Ich behaupte aber; ich kann nichts dafür, daß ich über Meldungen in den Medien stolpere, die so heftige Assoziationen triggern.

Früher war eben alles besser – auch die Zukunft (Danke R.).

Also Zeitsprung gute drei Dekaden zurück.
Ich war nie sportlich im klassischen Sinne. Es wäre nie in Frage gekommen einem Sportverein beizutreten oder freiwillig in den Schulpausen Fußball zu spielen. Schulsport empfand ich stets als außerordentlich lästig und entwickelte schon im präpubertären Alter eine penetrant besserwisserische Aufmüpfigkeit gegen Sportlehrer.
Für mich galt es immer die Benotung von körperlicher Ertüchtigung möglichst auf ganzer Linie zu sabotieren.
Ziemlich früh entdeckte ich dabei die Macht des Wortes und nervte die Lehrkraft mit Grundsatzdiskussionen.
In der Mittestufe zum Beispiel wurden Sportnoten stets nach leichtathletischen Leistungen vergeben. Für jede Klassenstufe war genau festgelegt wie weit man für welche Note springen, wie schnell man laufen mußte und so weiter.
Das ergab eine perfekte Angriffsfläche für mich, da Johann, der schnellste Läufer unserer Klasse drei Jahre älter war als ich. Er war spät eingeschult und einmal sitzengeblieben, während ich gesprungen war und damit in meiner Stufe stets der Jüngste war.
Statt also beim 100m-Lauf meine relative Langsamkeit zu akzeptieren, erklärte ich kurzerhand das gesamte Notensystem für prinzipiell ungerecht, da ich Johann gegenüber benachteiligt sei. Stattdessen wollte ich nach den Vorgaben von mindestens zwei Klassenstufen tiefer benotet werden, da das meinem Alter entspräche.
Meine Note wurde natürlich nie geändert, aber es war schon ein Erfolg, wenn der Lehrer irgendwann so wütend wurde, daß er mich des Unterrichts verwies.
Ich fand es nur gerecht den Mann zu ärgern, da er mich bei den berüchtigten Mannschaftssportarten immer die demütigende Prozedur durchmachen ließ als letzter in eine Mannschaft gewählt zu werden. Schön ist das ja wirklich nicht, wenn die beiden besten Hand-, Fuß-, Volley- oder Basketballer der Klasse einem gegenüberstehen und sich sichtlich Mühe geben ihre Gruppe so zusammen zu wählen, daß möglichst ICH nicht zu ihnen kam.

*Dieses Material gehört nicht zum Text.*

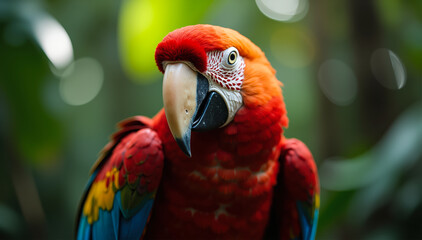 Obraz premium Nature wildlife close-up showing the beauty of tropical birds with soft bokeh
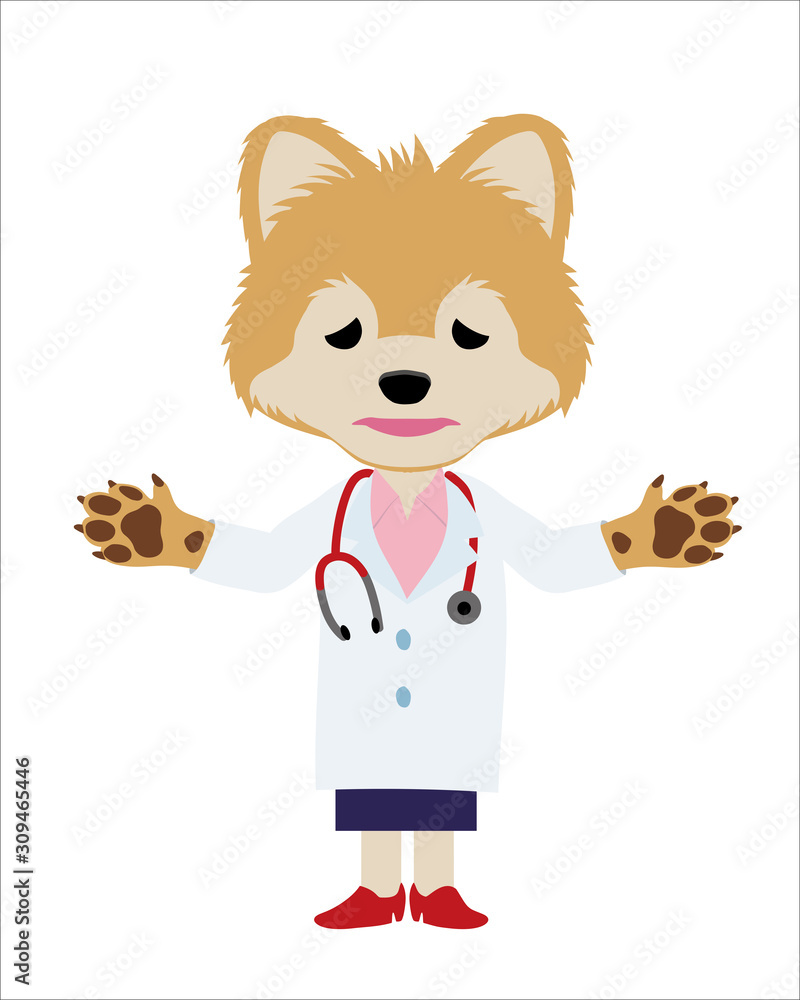 イラスト素材 犬を擬人化したお医者さん 獣医師 のキャラクター ポメラニアン 困惑のポーズ Stock Vector Adobe Stock
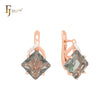 Great asscher cut squared apple green CZ Rose Gold two tone Clip-On Earrings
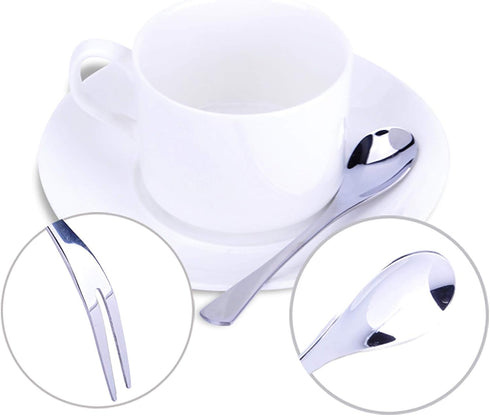 VANRA 5in Flatware Set, Silver Stainless Steel, 4-Piece with 2 Forks and 2 Spoons for Salad and Appetizer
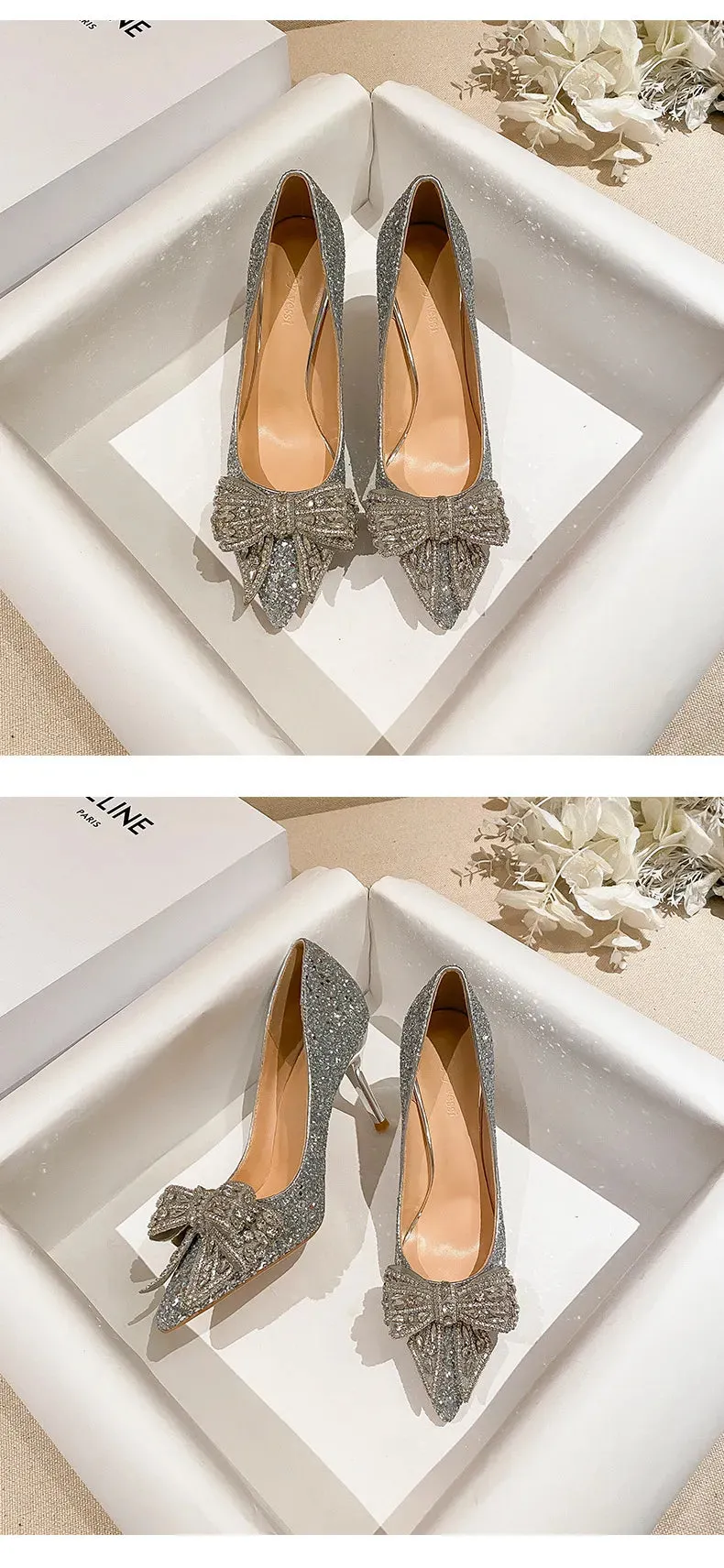 Shiny Diamond Bow Knot Heels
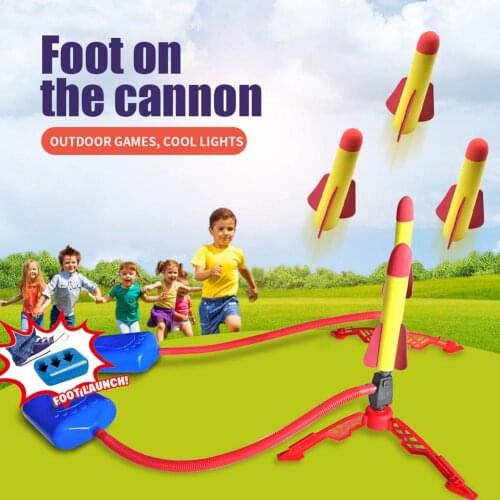 Safety Air Power Pressed Pneumatic Gun Rocket Launcher Interactive Outdoor Pedal Games Sport Toys For Children Kids Gift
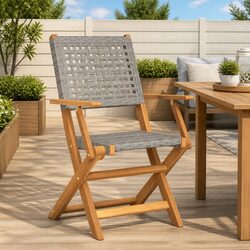Foldable Grey Acacia Wood Chairs for Patios - 2 pcs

Daß ich dem Lehrer coram publico vorwarf offenbar die Grundlagen der Pädagogik in seinem Studium nicht kapiert zu haben, da er die schwächsten Schüler noch zusätzlich demotiviere, half nicht wirklich weiter.
Mein Verhältnis zum Sportunterricht war zerrüttet. Und da ich nicht einsah für etwas benotet zu werden, für das man nichts konnte, blieb mir nur die Obstruktion.
Glücklicherweise wurde in der neunten Klasse Herr Wollmann, genannt „KingKong“ mein Sportlehrer. Mädchen und Jungs waren inzwischen getrennt worden und während die armen Damen der Schöpfung ein ganzes Jahr Schmerzen beim Geräteturnen zu erdulden hatten, war KingKong davon besessen uns zu Windhund-schnellen Eine-Meile-Läufern zu machen.
Eine Meile war vier mal außen um den Sportplatz herum. Also echt lang.
Kettenraucher Kingkong wollte aber unser Lauftraining möglichst gesund gestalten und so joggten wir ca 100 m an der Straße entlang und rasten dann einen alten Wanderweg in eine Schlucht hinunter zu einer großen Wasserschleuse. Es dauerte etwa 20 Minuten dort hinzukommen, dann wurden ein paar Kraftübungen (Situps, Liegestütze u.ä.) veranstaltet, bis sich Herr Wollmann wieder keuchend an die Spitze der Läufer setzte, um aus der Schlucht nach oben zurück zu laufen.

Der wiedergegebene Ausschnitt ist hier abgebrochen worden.